### Assigned task
Below are some entries. Transcribe the lines from the one holding "ขาย - Brixton" to the one holding "20+ Leaves Amazon", inclusive, but not the pictures among them.

### Provided data
#####

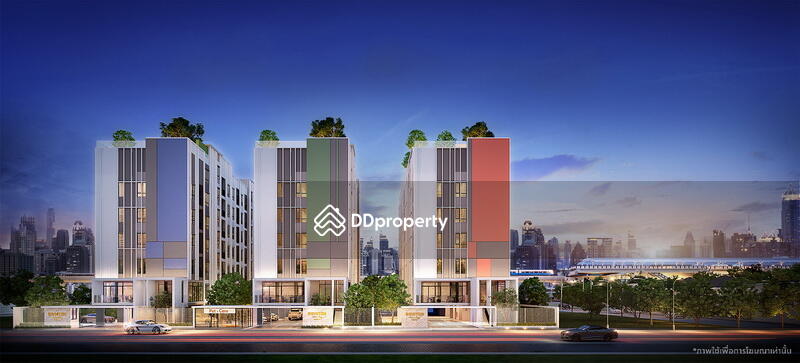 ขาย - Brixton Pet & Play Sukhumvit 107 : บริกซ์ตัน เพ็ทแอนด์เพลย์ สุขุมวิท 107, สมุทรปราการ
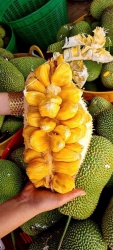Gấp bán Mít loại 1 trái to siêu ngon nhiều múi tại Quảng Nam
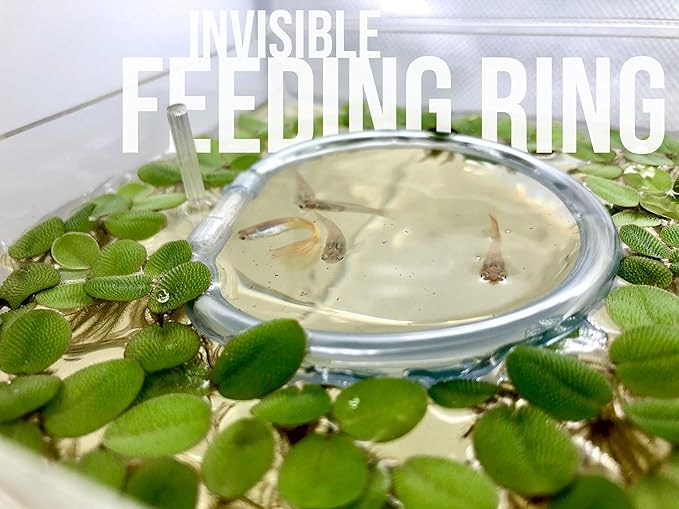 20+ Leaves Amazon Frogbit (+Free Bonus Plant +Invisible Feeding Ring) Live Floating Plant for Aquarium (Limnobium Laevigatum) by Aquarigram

#####

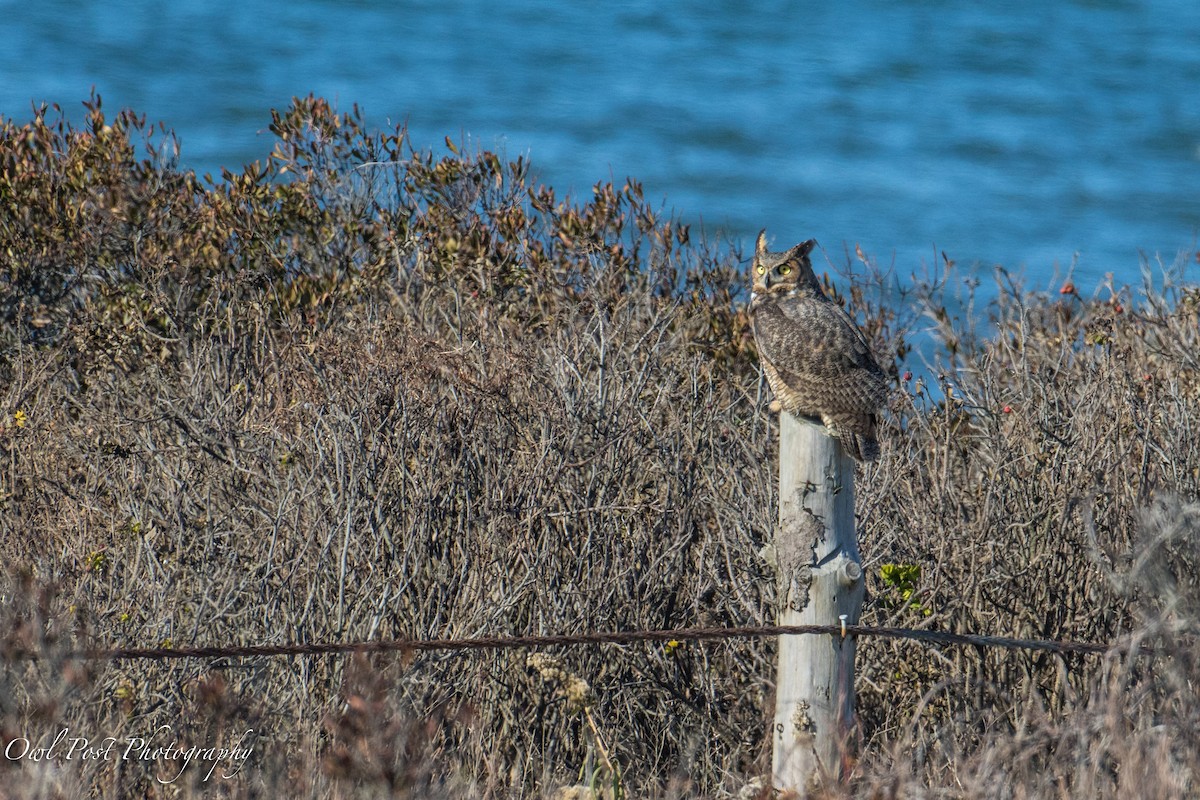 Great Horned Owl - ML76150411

#####

### Answer to the exercise
 ขาย - Brixton Pet & Play Sukhumvit 107 : บริกซ์ตัน เพ็ทแอนด์เพลย์ สุขุมวิท 107, สมุทรปราการ
Gấp bán Mít loại 1 trái to siêu ngon nhiều múi tại Quảng Nam
 20+ Leaves Amazon Frogbit (+Free Bonus Plant +Invisible Feeding Ring) Live Floating Plant for Aquarium (Limnobium Laevigatum) by Aquarigram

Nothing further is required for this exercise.